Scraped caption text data
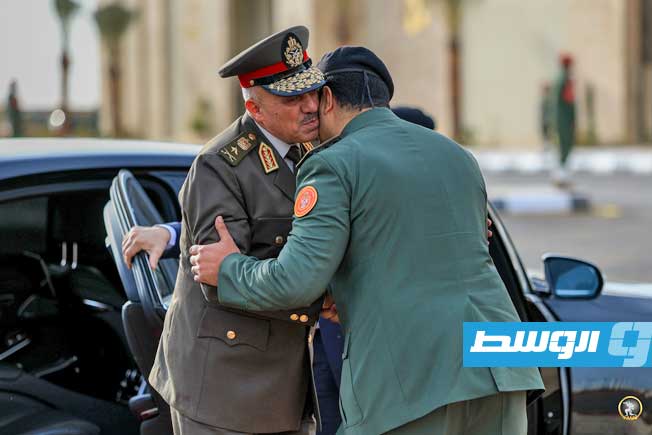 Chief of Staff of the Egyptian Armed Forces arrives in Benghazi
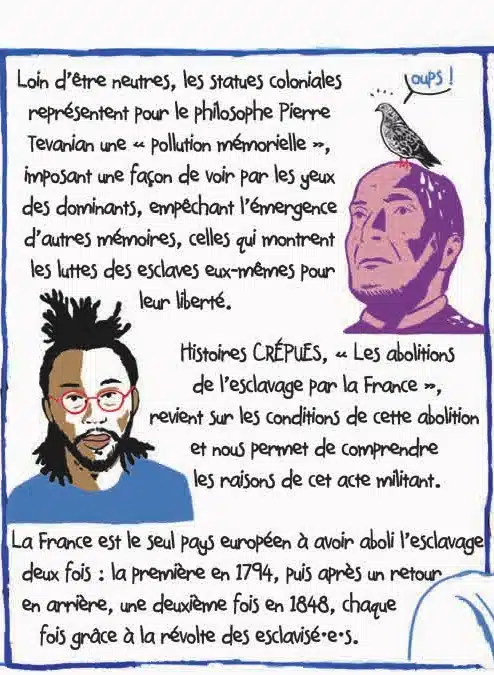 Deuxième case du podcast dessiné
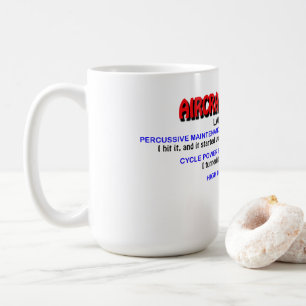 Caneca De Café Língua de Engenheiro da aeronave 101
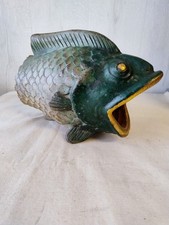 Vase en terre cuite Chine XXe Carpe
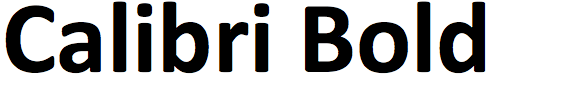 Calibri Bold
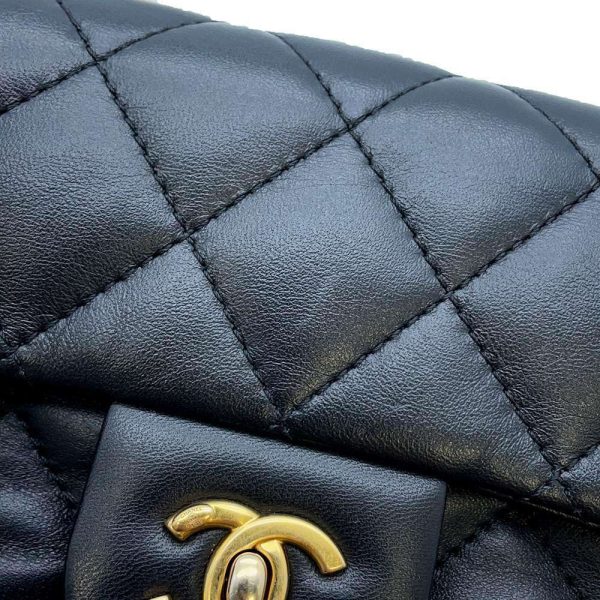 9535879 08 Chanel Mini Matelasse Shoulder Bag Heart Lambskin Black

◆ What you have to do:
Every entry should be written out word for word, except for its pictures.

◆ Output for this task:
 Chief of Staff of the Egyptian Armed Forces arrives in Benghazi
 Deuxième case du podcast dessiné
 Caneca De Café Língua de Engenheiro da aeronave 101
 Vase en terre cuite Chine XXe Carpe
 Calibri Bold
 9535879 08 Chanel Mini Matelasse Shoulder Bag Heart Lambskin Black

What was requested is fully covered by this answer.